● Work required: Take the data below and extract the lines from the one with "surround covered by" to the one with "Blazer - Picture 2 of 4", inclusive, exactly as written.

★ ★ ★

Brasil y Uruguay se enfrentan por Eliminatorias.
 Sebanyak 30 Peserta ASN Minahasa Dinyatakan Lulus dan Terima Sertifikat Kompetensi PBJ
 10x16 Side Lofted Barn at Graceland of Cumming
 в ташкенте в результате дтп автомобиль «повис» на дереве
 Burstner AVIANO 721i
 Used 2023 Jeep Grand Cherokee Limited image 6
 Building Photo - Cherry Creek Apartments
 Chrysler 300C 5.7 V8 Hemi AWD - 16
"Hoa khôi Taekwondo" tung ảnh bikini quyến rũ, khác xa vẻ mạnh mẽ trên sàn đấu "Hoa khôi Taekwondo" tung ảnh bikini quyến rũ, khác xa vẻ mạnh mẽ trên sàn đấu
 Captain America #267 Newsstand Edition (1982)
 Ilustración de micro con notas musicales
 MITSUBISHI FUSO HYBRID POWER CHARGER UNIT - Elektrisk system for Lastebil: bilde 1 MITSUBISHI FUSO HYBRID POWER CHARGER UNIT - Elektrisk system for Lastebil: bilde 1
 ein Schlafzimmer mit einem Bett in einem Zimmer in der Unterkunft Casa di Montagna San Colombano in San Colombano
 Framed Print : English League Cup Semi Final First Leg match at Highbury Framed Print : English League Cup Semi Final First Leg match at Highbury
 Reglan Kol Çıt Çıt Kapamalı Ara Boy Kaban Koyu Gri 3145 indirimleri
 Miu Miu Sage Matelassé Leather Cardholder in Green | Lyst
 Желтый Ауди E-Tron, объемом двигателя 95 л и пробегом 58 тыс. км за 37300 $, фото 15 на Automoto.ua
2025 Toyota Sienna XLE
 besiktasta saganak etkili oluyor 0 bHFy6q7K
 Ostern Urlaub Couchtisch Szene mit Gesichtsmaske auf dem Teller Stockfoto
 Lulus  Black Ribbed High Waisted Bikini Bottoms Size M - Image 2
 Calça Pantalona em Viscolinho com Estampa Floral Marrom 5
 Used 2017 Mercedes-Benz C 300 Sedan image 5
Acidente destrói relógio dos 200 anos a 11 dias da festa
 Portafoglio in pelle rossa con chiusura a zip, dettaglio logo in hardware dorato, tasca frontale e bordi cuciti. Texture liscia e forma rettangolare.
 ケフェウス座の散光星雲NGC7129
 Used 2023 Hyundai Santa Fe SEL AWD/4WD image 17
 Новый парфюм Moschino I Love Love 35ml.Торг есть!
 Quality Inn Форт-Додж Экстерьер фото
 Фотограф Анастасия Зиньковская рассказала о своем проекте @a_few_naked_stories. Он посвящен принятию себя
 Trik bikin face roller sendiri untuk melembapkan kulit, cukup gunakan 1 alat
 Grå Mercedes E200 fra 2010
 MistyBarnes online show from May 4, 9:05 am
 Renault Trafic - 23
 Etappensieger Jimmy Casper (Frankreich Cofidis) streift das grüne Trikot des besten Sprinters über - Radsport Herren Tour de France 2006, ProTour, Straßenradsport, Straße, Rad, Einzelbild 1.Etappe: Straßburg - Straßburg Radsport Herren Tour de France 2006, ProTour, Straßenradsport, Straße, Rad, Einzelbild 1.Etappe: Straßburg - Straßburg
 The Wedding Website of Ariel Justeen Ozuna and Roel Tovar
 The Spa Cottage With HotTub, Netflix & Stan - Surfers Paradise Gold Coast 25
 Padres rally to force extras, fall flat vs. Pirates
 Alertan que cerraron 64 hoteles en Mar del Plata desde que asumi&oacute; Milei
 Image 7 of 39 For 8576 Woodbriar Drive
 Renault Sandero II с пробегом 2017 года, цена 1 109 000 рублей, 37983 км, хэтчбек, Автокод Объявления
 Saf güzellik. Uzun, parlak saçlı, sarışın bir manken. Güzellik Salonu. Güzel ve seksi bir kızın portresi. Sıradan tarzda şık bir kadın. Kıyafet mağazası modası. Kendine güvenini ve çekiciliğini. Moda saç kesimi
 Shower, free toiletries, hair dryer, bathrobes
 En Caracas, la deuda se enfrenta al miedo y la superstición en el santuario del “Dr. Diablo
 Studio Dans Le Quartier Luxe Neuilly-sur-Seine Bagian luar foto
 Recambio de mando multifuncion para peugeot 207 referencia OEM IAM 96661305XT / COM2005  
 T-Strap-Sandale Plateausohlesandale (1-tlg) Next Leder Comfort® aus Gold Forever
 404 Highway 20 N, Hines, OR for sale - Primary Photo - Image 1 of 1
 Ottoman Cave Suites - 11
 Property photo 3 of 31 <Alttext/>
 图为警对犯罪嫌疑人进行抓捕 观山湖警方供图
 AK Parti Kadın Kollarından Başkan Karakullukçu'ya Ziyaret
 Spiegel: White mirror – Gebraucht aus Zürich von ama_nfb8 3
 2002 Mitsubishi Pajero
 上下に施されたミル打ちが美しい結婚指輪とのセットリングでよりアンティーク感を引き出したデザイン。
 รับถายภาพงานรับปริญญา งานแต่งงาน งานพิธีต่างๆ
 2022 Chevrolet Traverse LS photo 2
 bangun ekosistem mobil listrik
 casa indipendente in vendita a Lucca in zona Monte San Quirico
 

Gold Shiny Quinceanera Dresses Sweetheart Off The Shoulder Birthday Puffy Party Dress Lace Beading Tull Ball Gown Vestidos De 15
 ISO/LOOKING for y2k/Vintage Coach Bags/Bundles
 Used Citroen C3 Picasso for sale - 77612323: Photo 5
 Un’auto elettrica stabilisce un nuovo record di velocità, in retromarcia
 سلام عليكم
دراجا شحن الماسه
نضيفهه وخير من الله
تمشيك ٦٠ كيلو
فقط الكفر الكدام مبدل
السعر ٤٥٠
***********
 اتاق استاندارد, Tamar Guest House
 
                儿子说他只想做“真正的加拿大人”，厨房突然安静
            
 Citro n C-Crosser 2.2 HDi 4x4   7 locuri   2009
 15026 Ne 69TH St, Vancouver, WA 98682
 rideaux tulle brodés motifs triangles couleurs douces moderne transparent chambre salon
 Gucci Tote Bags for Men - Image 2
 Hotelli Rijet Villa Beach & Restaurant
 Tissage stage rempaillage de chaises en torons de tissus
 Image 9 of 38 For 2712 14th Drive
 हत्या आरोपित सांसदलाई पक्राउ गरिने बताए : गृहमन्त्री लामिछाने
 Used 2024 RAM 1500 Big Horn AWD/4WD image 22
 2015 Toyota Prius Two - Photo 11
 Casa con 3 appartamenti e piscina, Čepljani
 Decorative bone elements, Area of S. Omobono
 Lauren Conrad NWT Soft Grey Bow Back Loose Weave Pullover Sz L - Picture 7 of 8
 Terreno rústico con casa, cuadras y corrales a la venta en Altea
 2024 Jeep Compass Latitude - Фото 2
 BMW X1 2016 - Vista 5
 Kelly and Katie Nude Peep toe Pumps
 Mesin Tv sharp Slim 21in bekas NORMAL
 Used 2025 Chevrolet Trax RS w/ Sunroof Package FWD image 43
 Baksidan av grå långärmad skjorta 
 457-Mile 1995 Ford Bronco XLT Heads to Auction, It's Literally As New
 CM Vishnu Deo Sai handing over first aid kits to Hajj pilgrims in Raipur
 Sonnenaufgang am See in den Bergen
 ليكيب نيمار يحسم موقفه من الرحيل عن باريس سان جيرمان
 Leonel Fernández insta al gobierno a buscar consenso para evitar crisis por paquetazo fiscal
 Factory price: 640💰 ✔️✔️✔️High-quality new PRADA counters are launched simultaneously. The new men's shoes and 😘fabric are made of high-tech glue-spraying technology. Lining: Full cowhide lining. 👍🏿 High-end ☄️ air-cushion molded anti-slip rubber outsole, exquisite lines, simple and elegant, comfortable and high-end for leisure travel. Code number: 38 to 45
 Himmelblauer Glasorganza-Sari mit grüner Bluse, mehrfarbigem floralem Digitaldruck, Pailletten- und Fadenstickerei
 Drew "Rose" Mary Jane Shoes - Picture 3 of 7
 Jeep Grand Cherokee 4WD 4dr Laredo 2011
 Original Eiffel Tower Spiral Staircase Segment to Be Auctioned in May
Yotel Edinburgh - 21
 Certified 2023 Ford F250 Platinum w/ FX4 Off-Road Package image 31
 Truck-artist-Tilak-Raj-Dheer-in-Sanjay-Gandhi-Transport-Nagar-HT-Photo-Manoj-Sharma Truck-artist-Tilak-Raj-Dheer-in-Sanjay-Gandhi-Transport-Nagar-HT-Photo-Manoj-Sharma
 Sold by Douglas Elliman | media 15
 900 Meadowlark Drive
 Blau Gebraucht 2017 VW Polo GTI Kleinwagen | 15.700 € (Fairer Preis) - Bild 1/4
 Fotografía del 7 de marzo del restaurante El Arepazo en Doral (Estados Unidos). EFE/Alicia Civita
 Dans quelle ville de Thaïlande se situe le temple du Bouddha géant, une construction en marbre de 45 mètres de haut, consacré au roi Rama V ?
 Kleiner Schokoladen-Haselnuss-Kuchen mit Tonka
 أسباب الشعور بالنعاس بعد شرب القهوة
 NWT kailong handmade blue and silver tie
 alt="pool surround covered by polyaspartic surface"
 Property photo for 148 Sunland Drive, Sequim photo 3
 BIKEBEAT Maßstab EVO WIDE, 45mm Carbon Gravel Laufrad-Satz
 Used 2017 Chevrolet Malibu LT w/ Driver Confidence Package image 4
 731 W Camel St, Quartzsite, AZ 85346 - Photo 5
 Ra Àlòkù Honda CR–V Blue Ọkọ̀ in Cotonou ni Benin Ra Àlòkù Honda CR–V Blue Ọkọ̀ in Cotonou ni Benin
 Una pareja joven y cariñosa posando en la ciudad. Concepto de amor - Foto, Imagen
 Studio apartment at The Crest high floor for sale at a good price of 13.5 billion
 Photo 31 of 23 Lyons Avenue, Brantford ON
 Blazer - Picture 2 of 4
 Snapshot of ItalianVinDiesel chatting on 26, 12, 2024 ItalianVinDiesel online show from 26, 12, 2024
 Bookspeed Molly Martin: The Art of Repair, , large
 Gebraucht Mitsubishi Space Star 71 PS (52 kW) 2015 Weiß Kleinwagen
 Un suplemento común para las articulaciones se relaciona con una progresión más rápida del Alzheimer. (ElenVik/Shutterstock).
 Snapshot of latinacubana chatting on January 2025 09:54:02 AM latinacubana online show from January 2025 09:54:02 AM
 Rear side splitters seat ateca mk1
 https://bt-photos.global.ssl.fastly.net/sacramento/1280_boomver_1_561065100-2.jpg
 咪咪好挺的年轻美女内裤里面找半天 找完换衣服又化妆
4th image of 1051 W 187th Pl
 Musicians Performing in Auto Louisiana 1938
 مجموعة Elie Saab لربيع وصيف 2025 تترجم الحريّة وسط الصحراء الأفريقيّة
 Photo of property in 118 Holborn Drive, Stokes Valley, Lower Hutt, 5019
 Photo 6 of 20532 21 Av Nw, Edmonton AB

★ ★ ★

● Exercise answer:
 alt="pool surround covered by polyaspartic surface"
 Property photo for 148 Sunland Drive, Sequim photo 3
 BIKEBEAT Maßstab EVO WIDE, 45mm Carbon Gravel Laufrad-Satz
 Used 2017 Chevrolet Malibu LT w/ Driver Confidence Package image 4
 731 W Camel St, Quartzsite, AZ 85346 - Photo 5
 Ra Àlòkù Honda CR–V Blue Ọkọ̀ in Cotonou ni Benin Ra Àlòkù Honda CR–V Blue Ọkọ̀ in Cotonou ni Benin
 Una pareja joven y cariñosa posando en la ciudad. Concepto de amor - Foto, Imagen
 Studio apartment at The Crest high floor for sale at a good price of 13.5 billion
 Photo 31 of 23 Lyons Avenue, Brantford ON
 Blazer - Picture 2 of 4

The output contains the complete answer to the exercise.